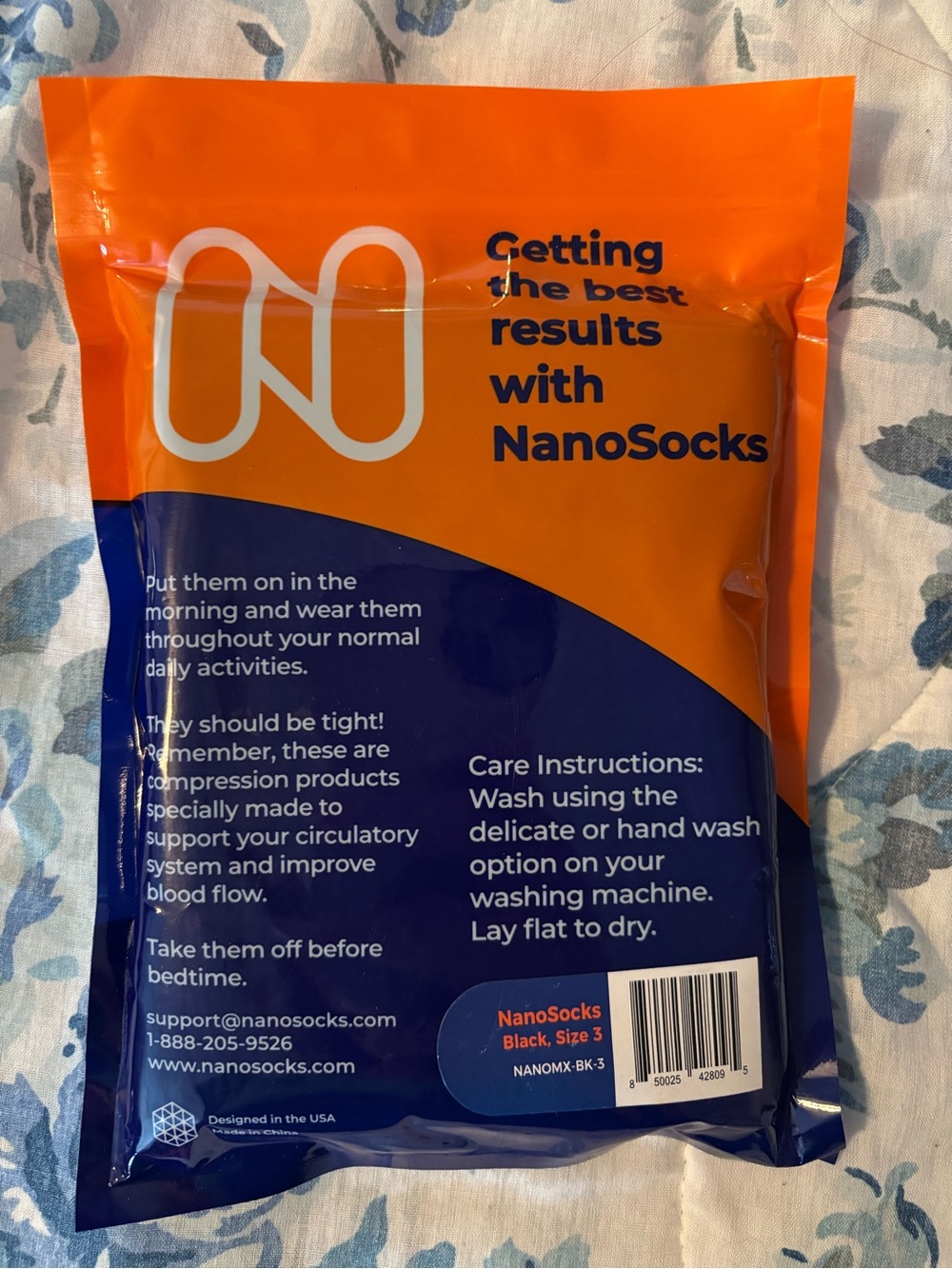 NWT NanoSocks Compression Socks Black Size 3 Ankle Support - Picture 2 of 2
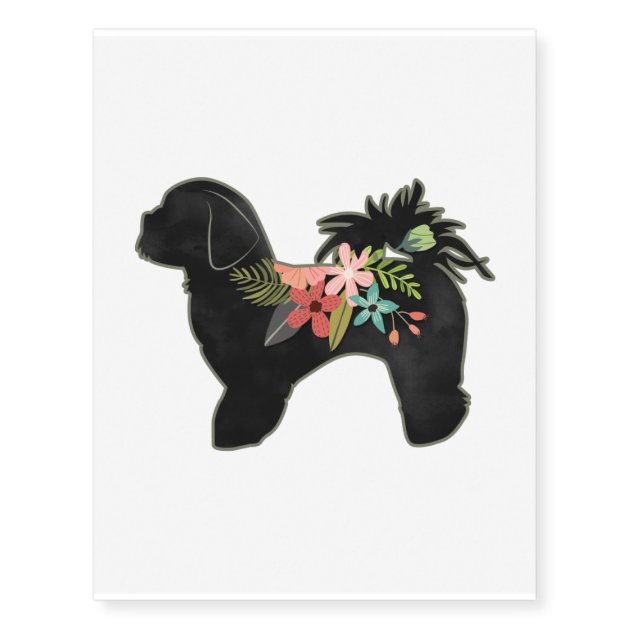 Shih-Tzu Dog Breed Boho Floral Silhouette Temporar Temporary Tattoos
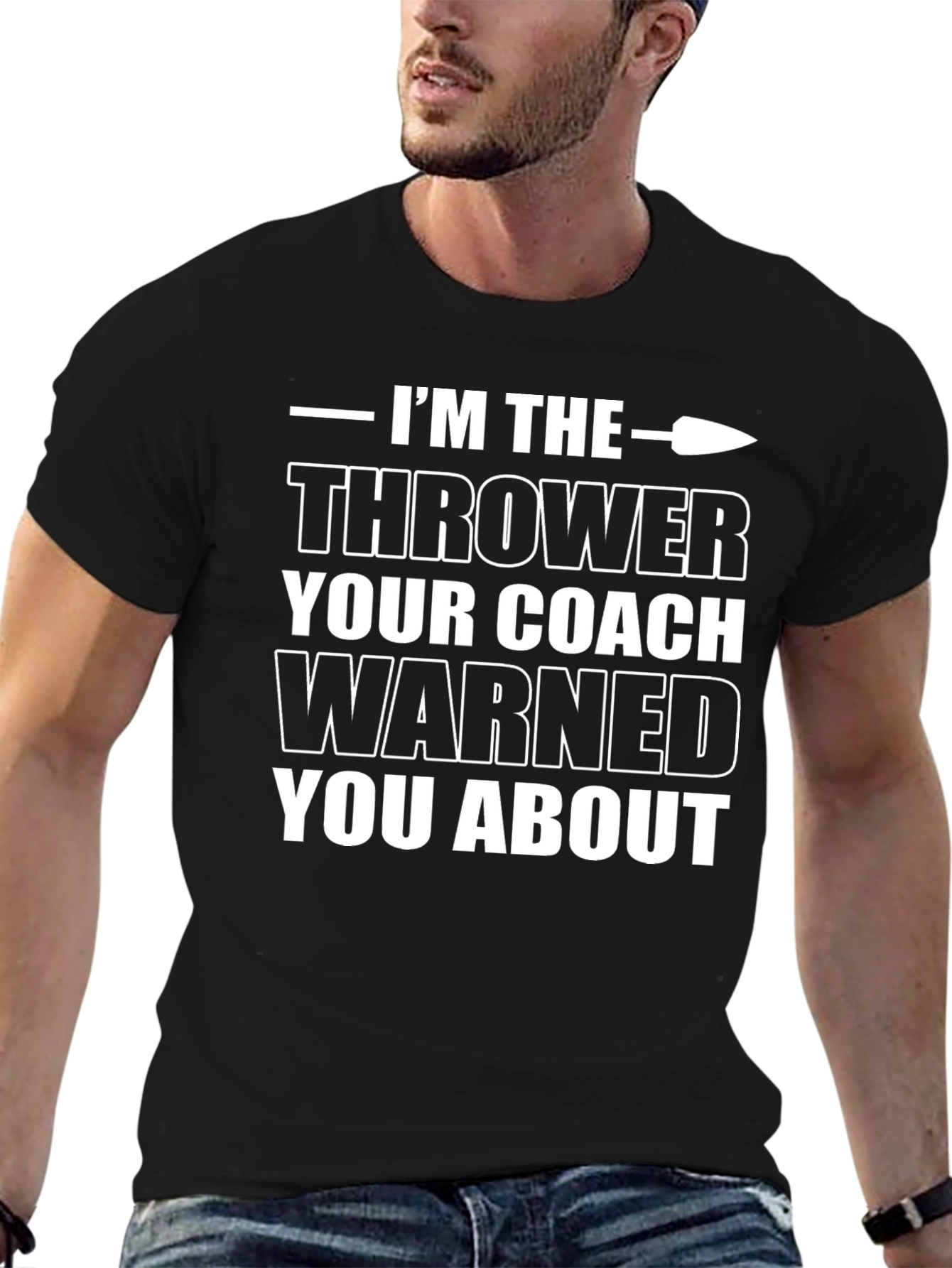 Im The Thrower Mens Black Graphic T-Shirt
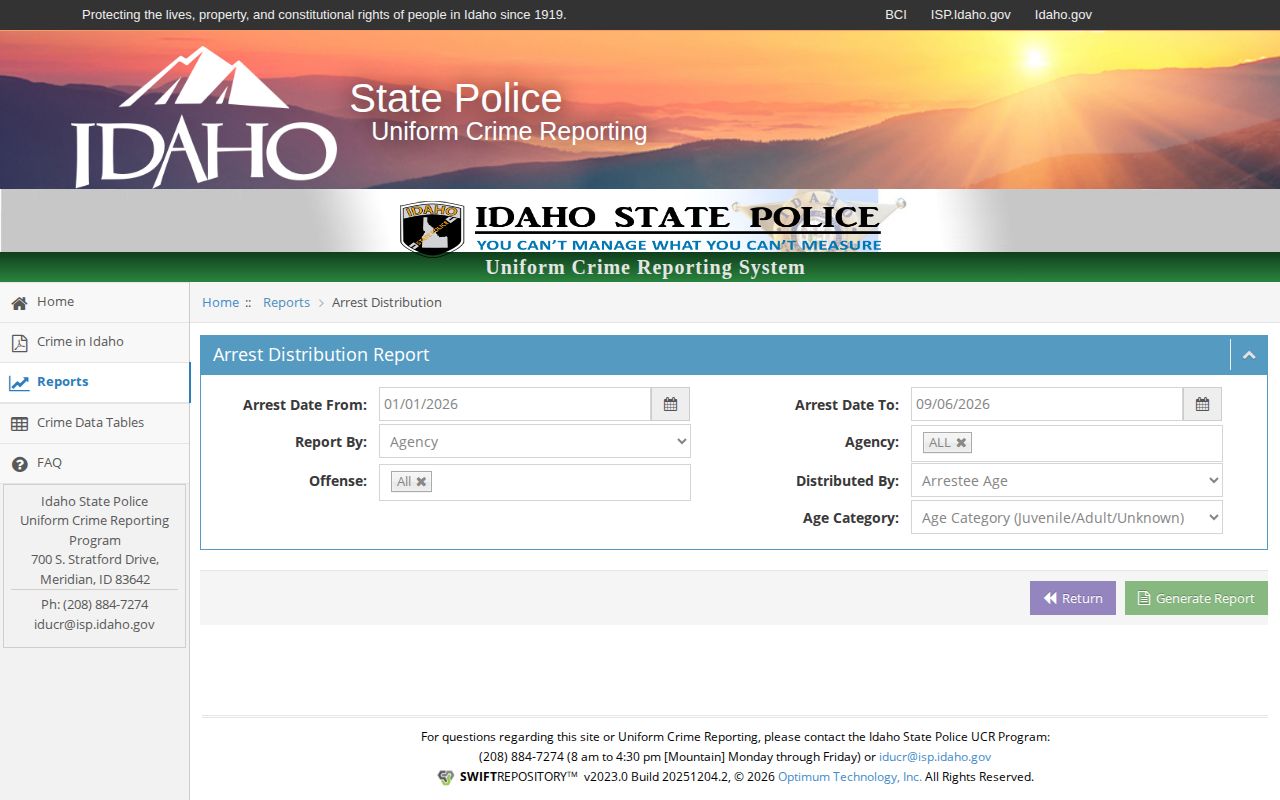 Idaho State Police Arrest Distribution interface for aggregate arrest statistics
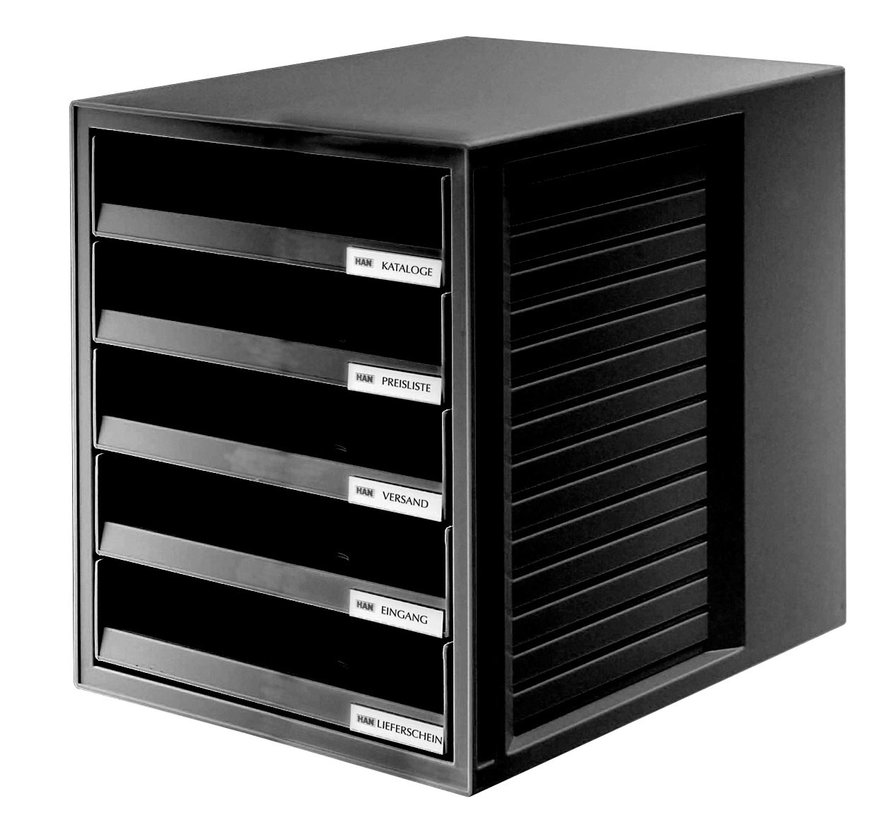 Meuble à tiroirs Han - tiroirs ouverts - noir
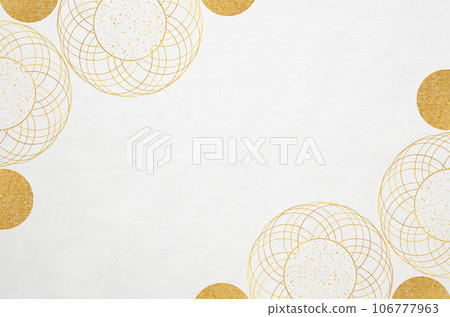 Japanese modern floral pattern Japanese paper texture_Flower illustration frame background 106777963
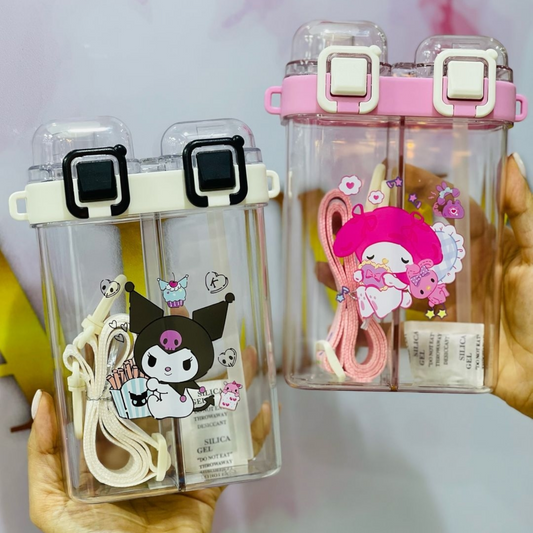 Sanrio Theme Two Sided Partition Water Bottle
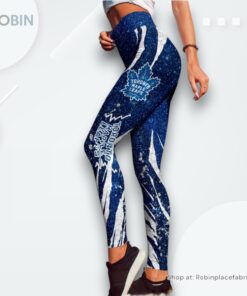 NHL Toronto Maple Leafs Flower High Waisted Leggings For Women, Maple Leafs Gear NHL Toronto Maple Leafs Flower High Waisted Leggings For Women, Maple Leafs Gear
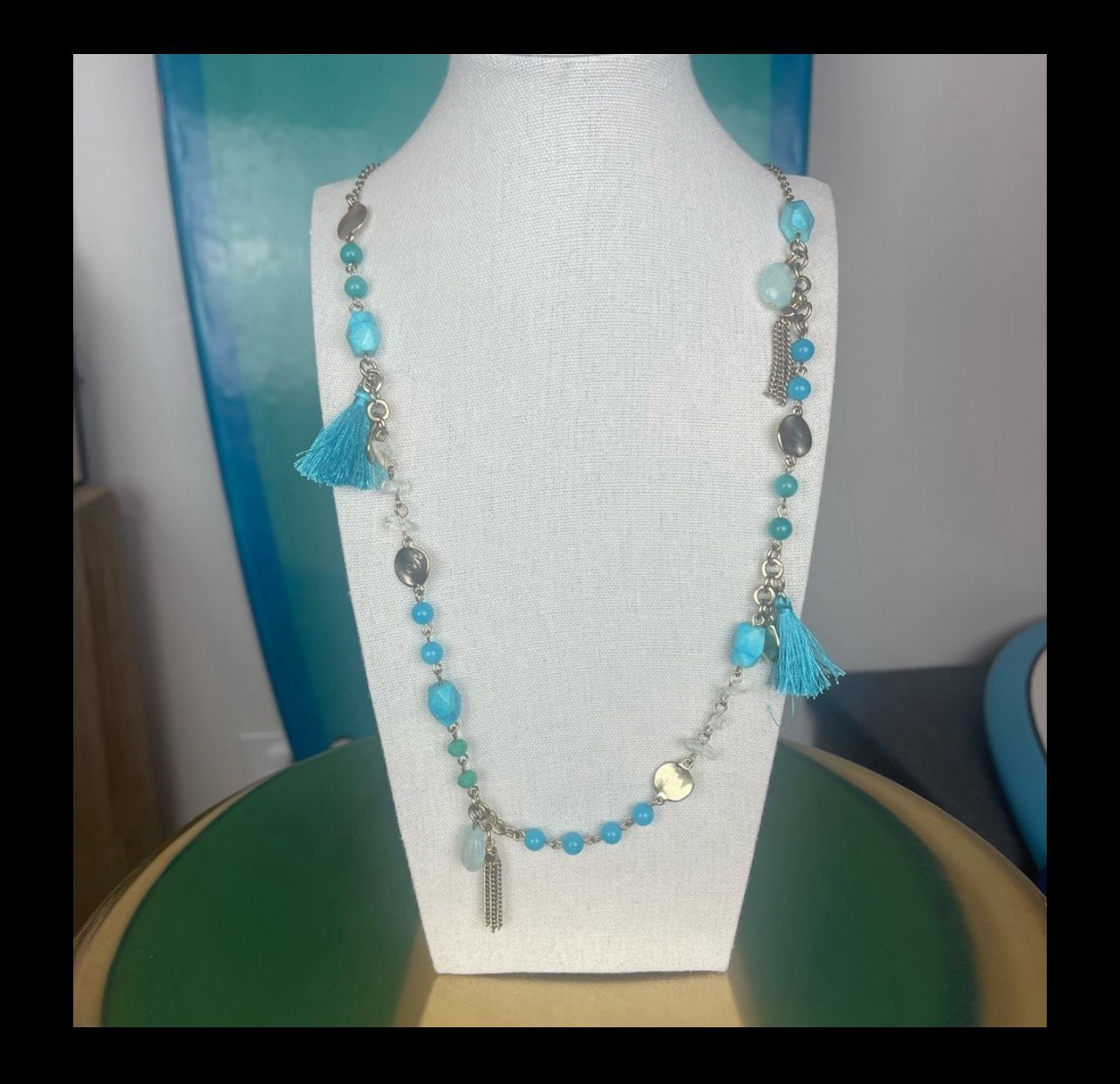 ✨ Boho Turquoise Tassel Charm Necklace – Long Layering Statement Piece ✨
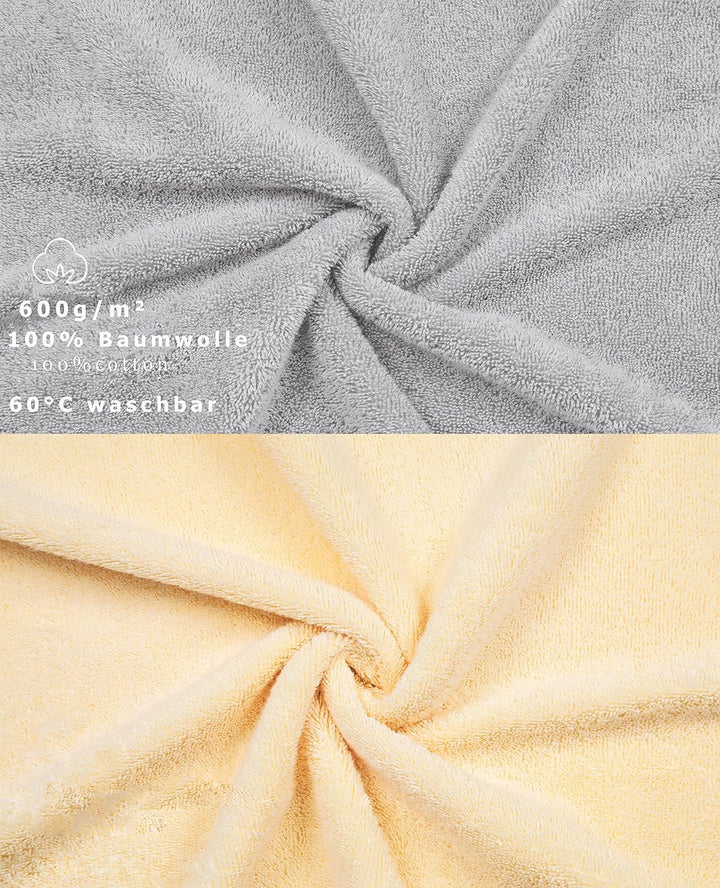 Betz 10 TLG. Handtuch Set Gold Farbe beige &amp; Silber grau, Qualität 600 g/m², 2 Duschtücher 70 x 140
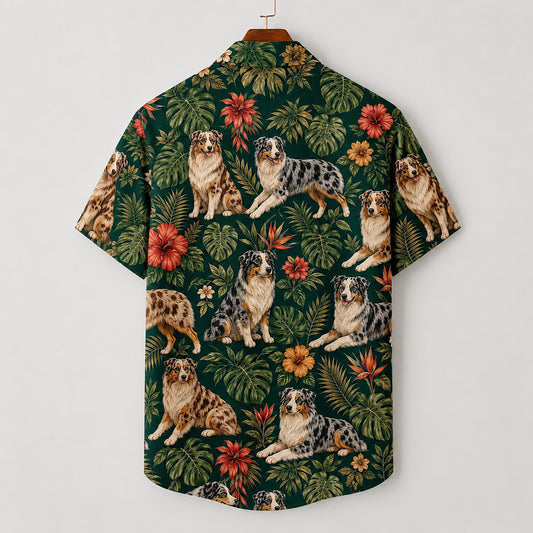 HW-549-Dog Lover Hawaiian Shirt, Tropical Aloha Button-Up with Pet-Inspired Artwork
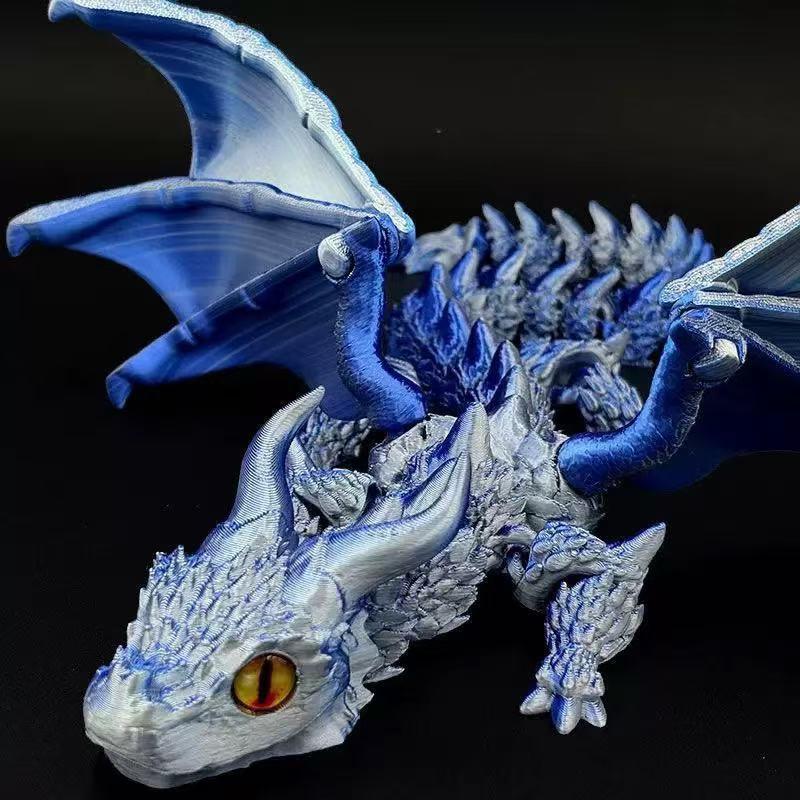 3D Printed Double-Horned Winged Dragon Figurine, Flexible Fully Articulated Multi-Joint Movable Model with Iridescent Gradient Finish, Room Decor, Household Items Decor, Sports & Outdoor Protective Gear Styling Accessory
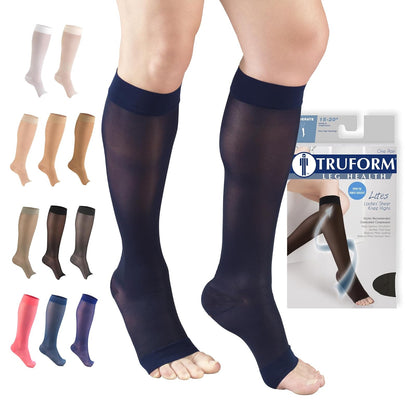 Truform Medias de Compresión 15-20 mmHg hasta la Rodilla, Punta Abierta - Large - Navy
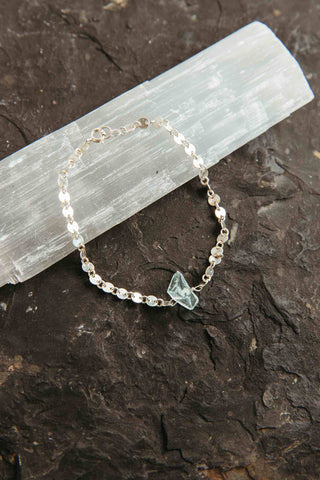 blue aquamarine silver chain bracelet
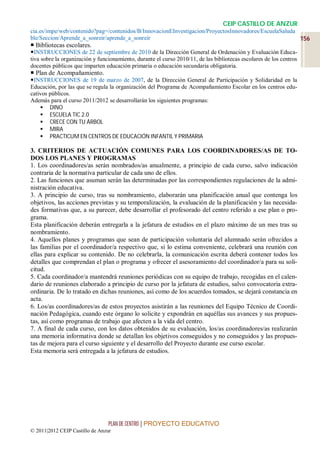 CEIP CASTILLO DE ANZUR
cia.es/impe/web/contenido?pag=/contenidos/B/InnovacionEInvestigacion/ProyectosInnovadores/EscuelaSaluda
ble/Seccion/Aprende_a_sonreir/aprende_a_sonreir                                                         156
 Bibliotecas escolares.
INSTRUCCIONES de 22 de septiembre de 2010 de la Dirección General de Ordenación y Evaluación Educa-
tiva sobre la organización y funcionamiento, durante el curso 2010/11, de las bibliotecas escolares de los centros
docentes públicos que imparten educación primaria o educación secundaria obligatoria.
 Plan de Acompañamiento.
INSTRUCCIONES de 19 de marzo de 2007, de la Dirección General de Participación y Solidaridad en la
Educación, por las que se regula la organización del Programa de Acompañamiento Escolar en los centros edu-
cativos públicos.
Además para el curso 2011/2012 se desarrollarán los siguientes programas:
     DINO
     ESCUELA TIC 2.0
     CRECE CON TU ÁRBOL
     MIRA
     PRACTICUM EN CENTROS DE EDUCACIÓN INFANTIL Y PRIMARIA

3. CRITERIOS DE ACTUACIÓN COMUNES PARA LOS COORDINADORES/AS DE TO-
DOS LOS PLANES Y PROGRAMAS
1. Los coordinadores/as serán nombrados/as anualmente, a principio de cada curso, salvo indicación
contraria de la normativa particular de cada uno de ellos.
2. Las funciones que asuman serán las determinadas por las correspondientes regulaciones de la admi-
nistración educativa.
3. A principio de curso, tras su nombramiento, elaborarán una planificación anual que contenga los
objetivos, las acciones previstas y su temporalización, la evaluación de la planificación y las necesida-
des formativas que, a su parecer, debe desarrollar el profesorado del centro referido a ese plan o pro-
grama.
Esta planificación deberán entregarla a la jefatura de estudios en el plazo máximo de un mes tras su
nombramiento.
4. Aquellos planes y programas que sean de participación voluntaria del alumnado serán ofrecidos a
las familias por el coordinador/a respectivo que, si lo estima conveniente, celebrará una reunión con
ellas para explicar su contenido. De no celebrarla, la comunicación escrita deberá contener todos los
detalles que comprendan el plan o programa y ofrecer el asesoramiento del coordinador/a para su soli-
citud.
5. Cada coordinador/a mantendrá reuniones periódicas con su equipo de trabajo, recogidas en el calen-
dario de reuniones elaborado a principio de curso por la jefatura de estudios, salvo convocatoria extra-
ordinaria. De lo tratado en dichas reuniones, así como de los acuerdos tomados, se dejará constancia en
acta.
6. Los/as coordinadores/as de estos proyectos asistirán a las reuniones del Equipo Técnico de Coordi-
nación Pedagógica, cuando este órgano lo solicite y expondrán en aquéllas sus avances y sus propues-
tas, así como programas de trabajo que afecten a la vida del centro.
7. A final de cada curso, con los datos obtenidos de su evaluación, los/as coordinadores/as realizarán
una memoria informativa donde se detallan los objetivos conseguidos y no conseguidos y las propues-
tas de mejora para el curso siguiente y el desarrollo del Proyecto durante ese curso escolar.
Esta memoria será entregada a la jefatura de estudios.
-=-=-
Aim of the task
Starting with the line with "dario de reuniones" above and going on through the line with "nación Pedagógica, cuando", transcribe every line exactly, both ends included, and add nothing.

Solved problem
dario de reuniones elaborado a principio de curso por la jefatura de estudios, salvo convocatoria extra-
ordinaria. De lo tratado en dichas reuniones, así como de los acuerdos tomados, se dejará constancia en
acta.
6. Los/as coordinadores/as de estos proyectos asistirán a las reuniones del Equipo Técnico de Coordi-
nación Pedagógica, cuando este órgano lo solicite y expondrán en aquéllas sus avances y sus propues-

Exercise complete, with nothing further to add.